Essentially, a marketing funnel is a set of reactions and actions you move your customer through during the sales process. It’s called a sales funnel because, if you think about it, a lot of people see a particular Facebook ad, but fewer people actually click through, make that phone call, and end up purchasing a product and becoming a staunch supporter of a brand.

In other words, we can visualize the sales marketing process like a funnel, with a lot of customers flooding into the top, but only a small stream of steady customers coming through the hole in the bottom. Make sense? Okay, moving on.

What are the Stages of a Marketing Funnel?

There are really six stages of the marketing funnel, and these include every part of building brand, service, or product awareness through creating loyal customers.

  1. Awareness
  2. Interest
  3. Evaluation
  4. Commitment
  5. Sale
  6. Brand loyalty and repurchasing

Some marketing funnels do not include the final stage, “brand loyalty and repurchasing,” but I consider this to be the most important stage of a successful product — you want people to recommend your product or brand to their friends, family, and business partners — that’s how you build a truly successful business for your clients.

Okay, let’s delve into some deeper details about the marketing funnel so you can completely understand the components of the process and how they work.

Marketing Pieces that Create a Good Funnel

There are many different ways to engage your customers or your clients’ customers; these include Facebook ads, SEO, ebooks, white papers, videos, direct email campaigns, and other social media ads.

In addition, case studies, Drip campaigns, newsletters, trials, demonstrations, and webinars can all be successful ways to raise awareness, both at the beginning of the funnel and toward the end.

While these pieces are all good awareness and interest raisers, it’s unlikely they will funnel customers all the way through the sales process unless they are also carefully directed at the correct product or brand audience.

For example, no matter how many white papers you have on what makes your lawn mower the best, people without lawns will never be interested in buying it.

Therefore, attracting these people to your product/brand is a waste of your time and theirs.

Let’s take a closer look at the sales process, so we can better understand how customers choose products and brands.

Customer Sales Funnel Buying Phases

[thrive_text_block color=”blue” headline=”Fun Fact”] The main sales process businesses and individuals use today is based on one invented 110 years ago by a man named John Dewey.
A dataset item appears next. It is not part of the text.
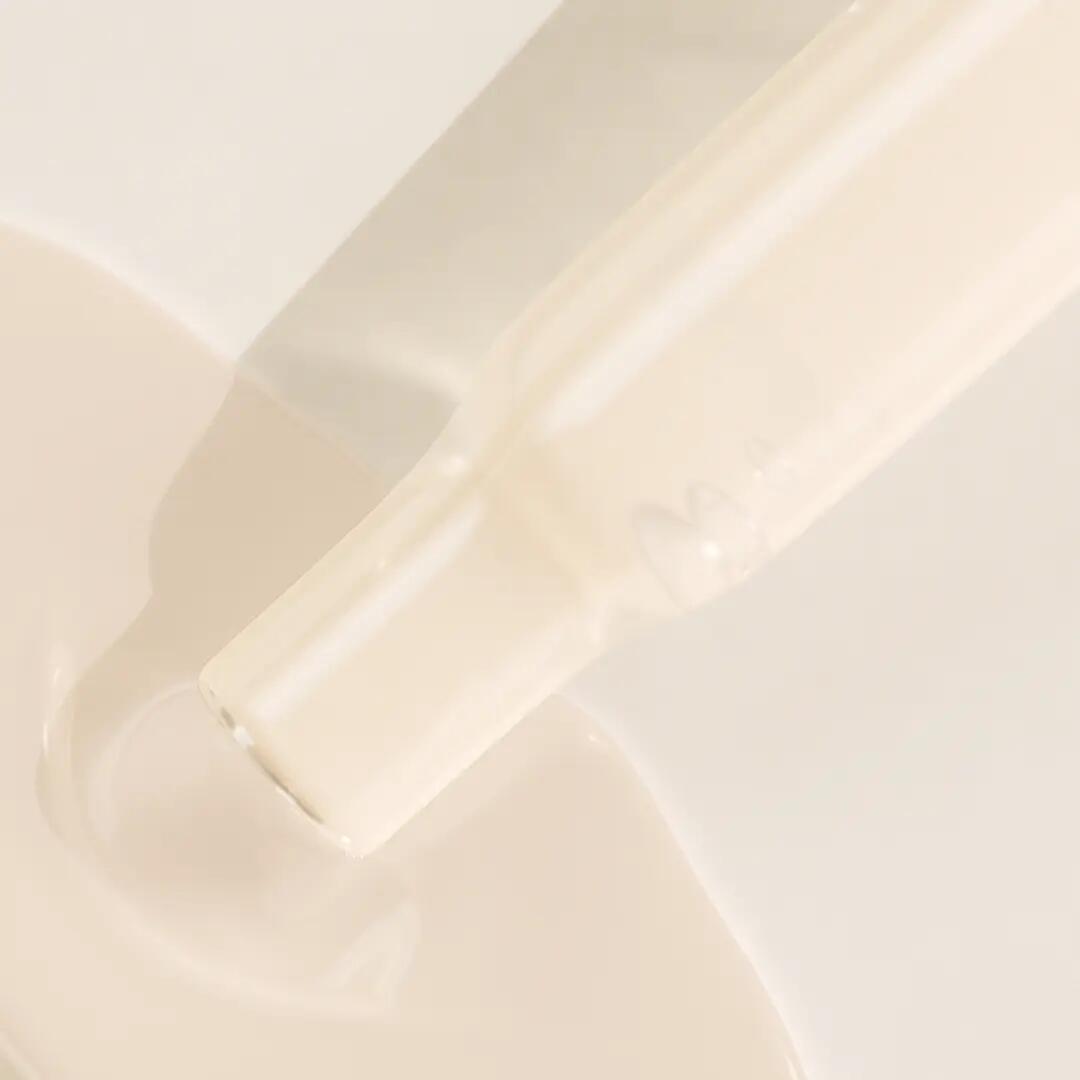 av_suncare_ultra_serum_pipette texture_1x1_3282771000558_3282771000534_3282771000572_JPEG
He was a psychologist, and helped get the new advertising industry on track in 1910. He believed that people always arrive at the decision to buy through the same five-step process.[/thrive_text_block]

  • Recognizing a need
  • Searching for information
  • Evaluation
  • The purchase decision
  • Post-purchase

Obviously, this process was a bit different back in 1910; our needs today are read by the Internet and our previous purchasing decisions, as well as demographic information about who we are as people. Today we can research anything on the Internet and decide for ourselves which products and services are worth our money. This means, in turn, that we are mainly marketed to where we spend a lot of our free time — you guessed it, the Internet and social media websites. Let’s walk through Dewey’s five-step process.

Phase 1: Recognizing a Need

Without a need there is not going to be a sale. Needs are predicated by problems you need solving — if you can prove your customer has a problem, that creates a need. These needs can be obvious to your customers or more subtle, and may have different aspects, for instance needing a new entertainment system in a house or just needing a good new pair of shoes. There are many different aspects to recognizing a need for a customer and marketing to it, but knowing your audience is a great place to start. Everyone needs new shoes, but a new entertainment system is usually something people over the age of 30 might consider buying.

Phase 2: Searching for Information

We know what this means: spending hours online searching for the perfect, cheapest, highest-quality product or service that will fit the recognized need — and this is where the marketing funnel first starts to narrow down. This is also where customers are the most likely to accept new information about a product — so online reviews, Facebook ads, recommendations from family and friends, free trials, demos, white papers, and plain old Google searches are great ways to reach them.

Phase 3: Evaluation

During this stage your customers pull together a typed, mental, or even written list of possible products/services they would consider buying — a best of the best list. The customer then narrows the funnel down even further by evaluating each one to find the best product for them. At this point, customers may not be able to get further information online — the only things that will sway them now are online reviews or free trials.

Phase 4: Purchase Decision

This is the most important phase of the buying process, obviously — this is when the buyer makes the decision to purchase a product or service, but most of the marketing work has already been done by now. The funnel is narrowed down to its smallest point, and only buyers make it through to the final buying phase. Trusted peers have great influence during this phase.

Phase 5: Post-purchase

Finally, we come to the post-purchase phase of customer buying, which is very important, as well — mainly because people who buy and like a product or service can now flock onto social media sites and product review sites to tell the world how great the product is. People are proud of their good decisions, and love to tell others about their good purchasing decisions — this part of the buying phase seals the deal and usually creates loyal customers and future customers as well.

And there you have it — now you understand what makes a good marketing funnel, how to market to your customers and your clients’ customers, and how the overall buying process works for the consumer and the marketer. Now take what you know and start building your marketing business — there’s no time like the present.